To begin the 2021–22 season, the Brown rink won the Alberta Curling Series: Leduc event. They then played in the 2021 Alberta Curling Series: Saville Shoot-Out where they went undefeated until the semifinals where they were defeated by Laura Walker. Due to the pandemic, the qualification process for the 2021 Canadian Olympic Curling Trials had to be modified to qualify enough teams for the championship. In these modifications, Curling Canada created the 2021 Canadian Curling Trials Direct-Entry Event, an event where five teams would compete to try to earn one of three spots into the 2021 Canadian Olympic Curling Trials. Team Brown qualified for the Trials Direct-Entry Event due to their CTRS ranking from the 2019–20 season. At the event, the team went 1–3 through the round robin, qualifying for the tiebreaker round where they faced Alberta's Walker rink. After winning the first game, Team Brown lost the second and final tiebreaker, not earning direct qualification into the Trials. The team had one final chance to advance to the Olympic Trials through the 2021 Canadian Olympic Curling Pre-Trials where they finished the round-robin with a 4–2 record. This qualified them for the double knockout round, where they beat both Mackenzie Zacharias and Sherry Anderson to advance to the final qualifier. There, they lost 9–2 to Jacqueline Harrison, ending their chances of reaching the Olympic Trials. Back on tour, the team played in their first Grand Slam of Curling event, the 2021 National, which they qualified for due to their successful results throughout the season. They finished 2–3 through the triple knockout event, just missing the playoffs.

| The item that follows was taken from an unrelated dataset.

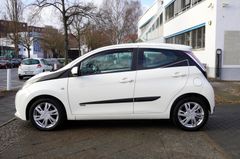 Fahrzeugabbildung Toyota Aygo AYGO x-play touch Kamera Klima Tempomat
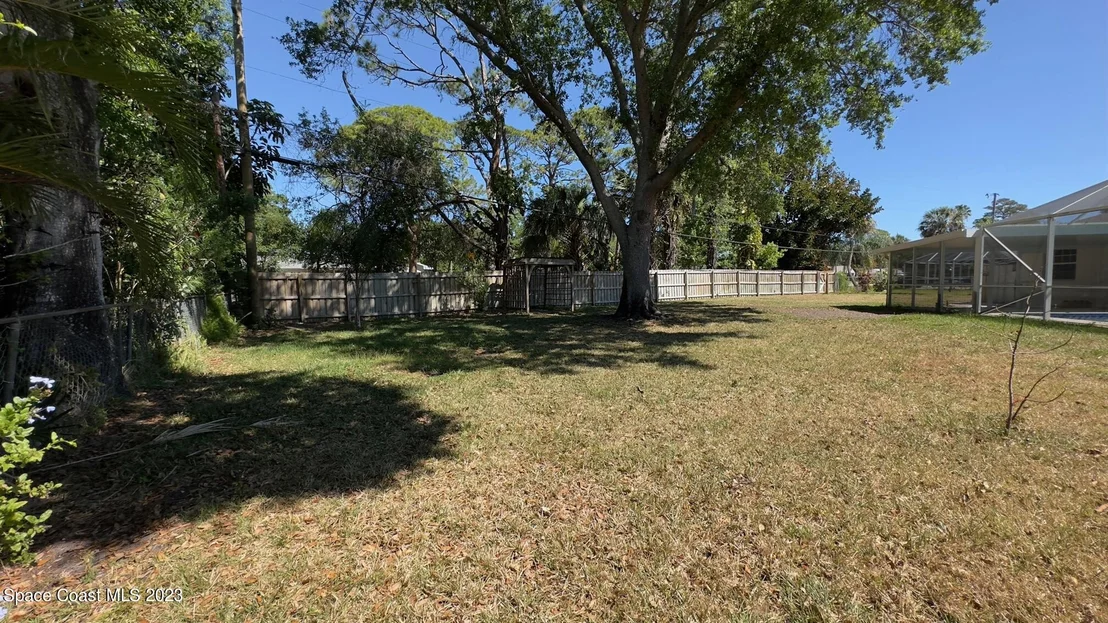 Photo of 1036 Fairway Lane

At the 2022 British Columbia Scotties Tournament of Hearts, Team Brown entered as the number one seeds, however, lost two qualifying games against Kayla MacMillan and Diane Gushulak, qualifying through the C side. They then lost the 3 vs. 4 game to Sarah Wark, eliminating them from provincials. They finished their season at the inaugural Best of the West championship where they won the title.

Team Brown struggled at the beginning of the 2022–23 season, failing to qualify for the playoffs in their first three events. They turned thing around at the Prestige Hotels & Resorts Curling Classic, losing just one game en route to capturing the event title. Later that month, they won their second title at the Kamloops Crown of Curling. Despite only entering the playoffs in two of their eight tour events, Team Brown found immediate success at the 2023 British Columbia Scotties Tournament of Hearts, defeating the number one ranked Clancy Grandy rink in both the A qualifier and the 1 vs. 2 page playoff. In the final, again facing Grandy, they fell 10–9 in an extra end, failing to qualify for the 2023 Scotties Tournament of Hearts which was held in their home city of Kamloops. At the end of the season, the team again won the Best of the West championship, defeating Manitoba's Kelsey Rocque 6–1 in the final. In March 2023, the team announced they would be parting ways with second Dezaray Hawes. They later announced Jennifer Armstrong would join them as their new second for the 2023–24 season.

==Personal life==
Fisher attended Valleyview Secondary School in Kamloops. She graduated from Thompson Rivers University in 2020 with a diploma in respiratory therapy, and immediately began work for Interior Health at the Royal Inland Hospital. Fisher's father, Brian was one of her team's junior coaches and represented BC at the 1990 Canadian Junior Curling Championships. She is married to fellow curler Jared Kolomaya.